#### [TASK STATEMENT]
What you produce should be an exact transcription of the data, minus any pictures.

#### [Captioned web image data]
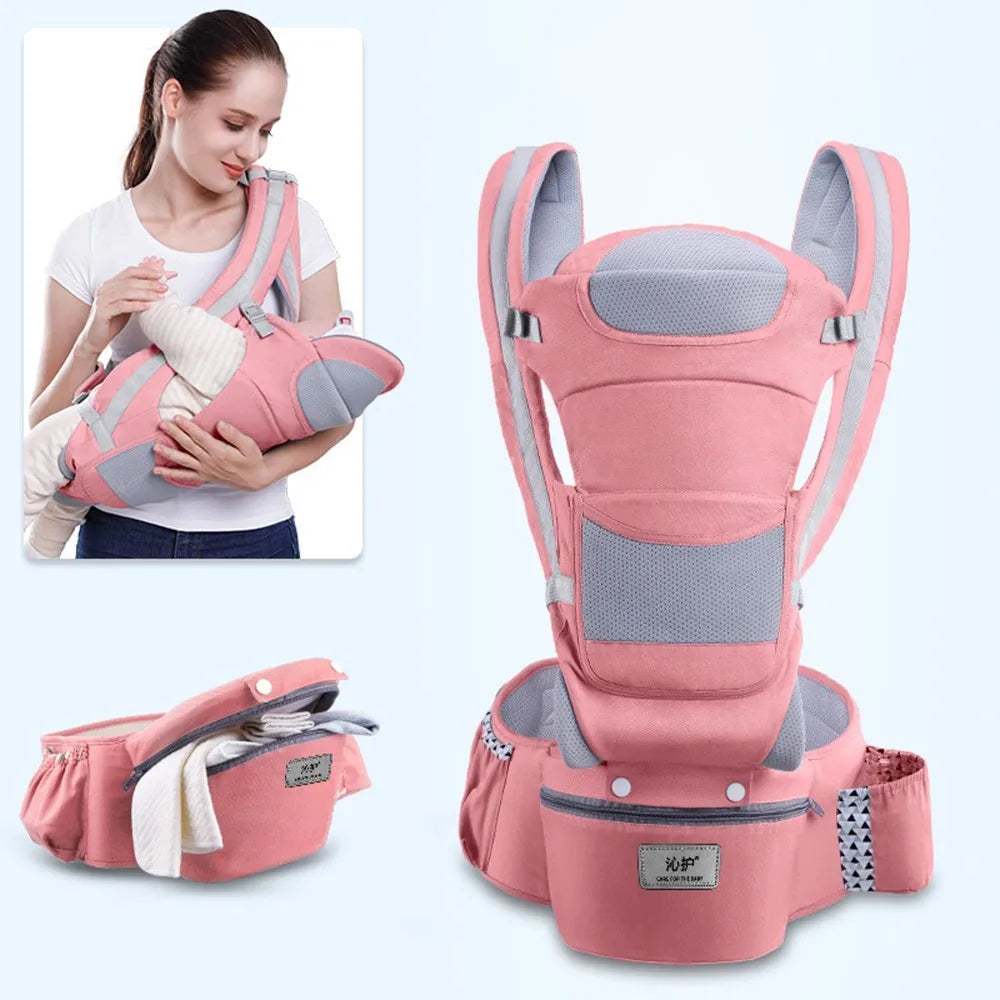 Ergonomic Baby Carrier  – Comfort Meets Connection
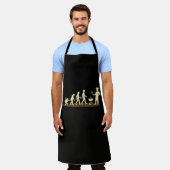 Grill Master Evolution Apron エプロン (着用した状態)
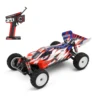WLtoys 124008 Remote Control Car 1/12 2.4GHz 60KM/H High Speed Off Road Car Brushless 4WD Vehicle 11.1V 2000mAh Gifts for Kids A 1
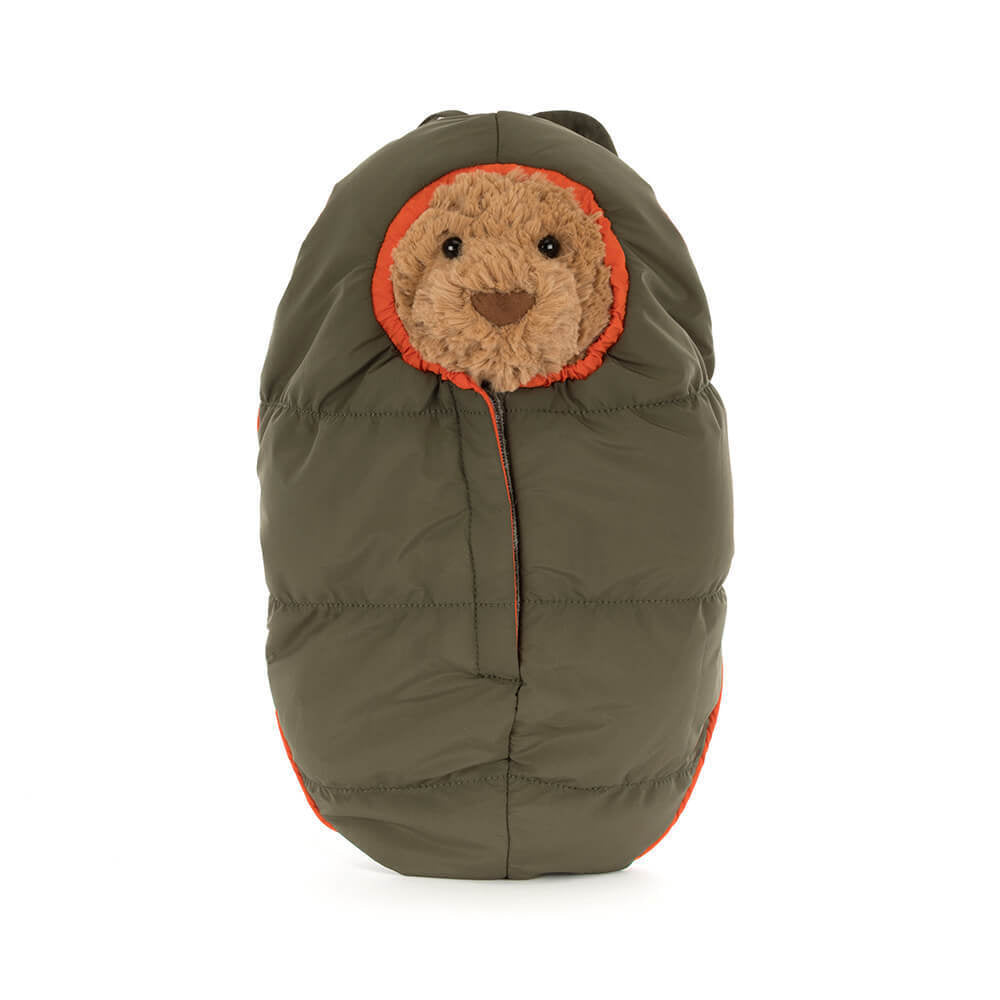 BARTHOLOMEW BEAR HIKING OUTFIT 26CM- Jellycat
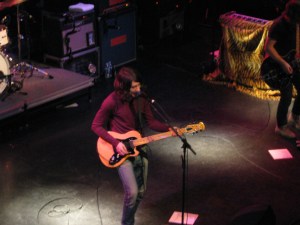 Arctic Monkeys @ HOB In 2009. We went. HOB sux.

#### [RESULT]
 Ergonomic Baby Carrier  – Comfort Meets Connection
 Grill Master Evolution Apron エプロン (着用した状態)
WLtoys 124008 Remote Control Car 1/12 2.4GHz 60KM/H High Speed Off Road Car Brushless 4WD Vehicle 11.1V 2000mAh Gifts for Kids A 1
 BARTHOLOMEW BEAR HIKING OUTFIT 26CM- Jellycat
 Arctic Monkeys @ HOB In 2009. We went. HOB sux.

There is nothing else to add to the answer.